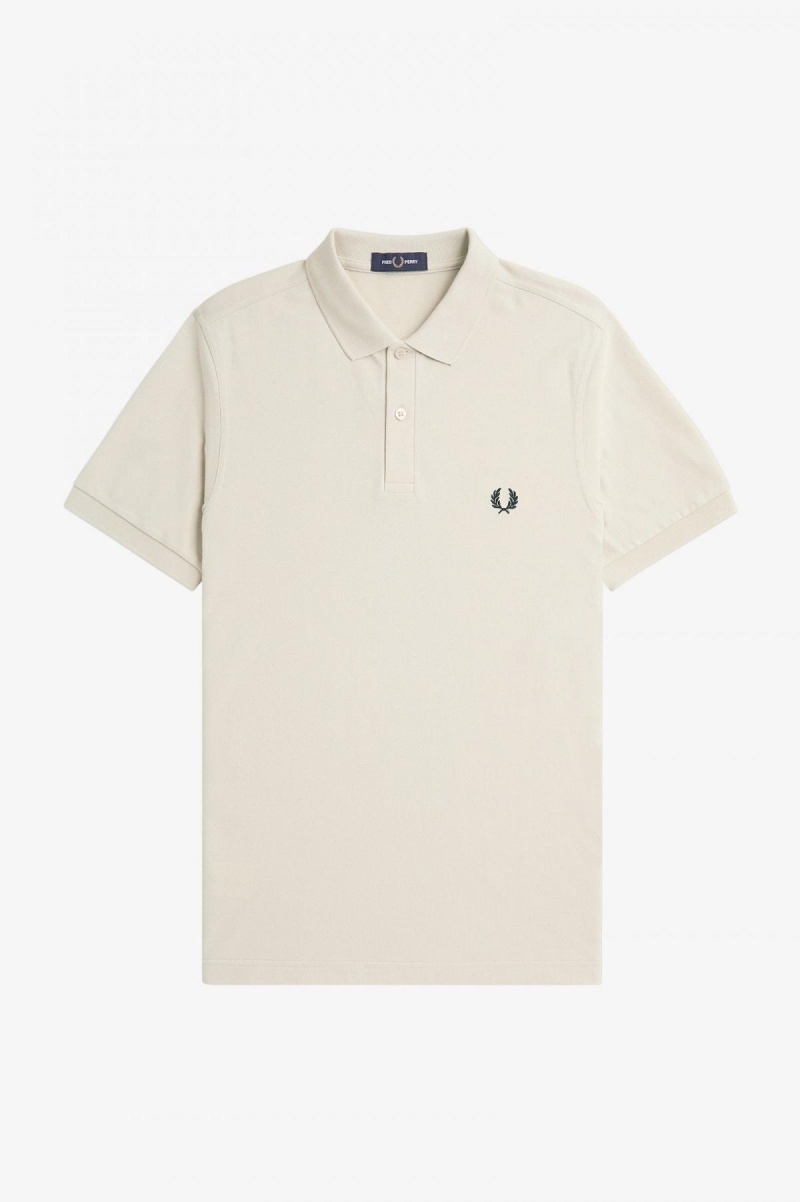 Fred Perry Shirt Fred Perry M6000 Homme Vert | DFRKV31246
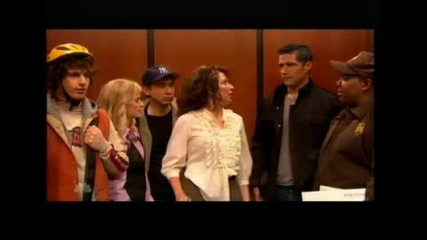 Lost In Elevator xD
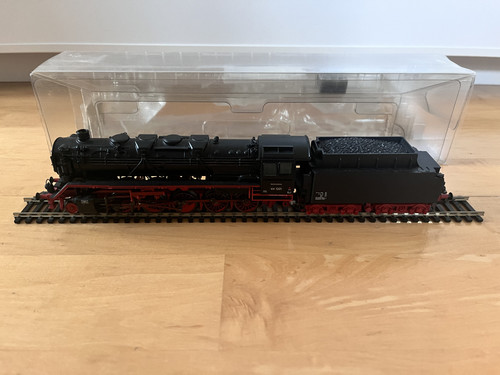 Märklin 29440 dampflok br44 - 29440,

▬▬▬

# What is being asked
Your response must consist of the material above, reproduced word for word, with the images omitted.

# Worked solution
 Fred Perry Shirt Fred Perry M6000 Homme Vert | DFRKV31246
 Lost In Elevator xD
 Märklin 29440 dampflok br44 - 29440,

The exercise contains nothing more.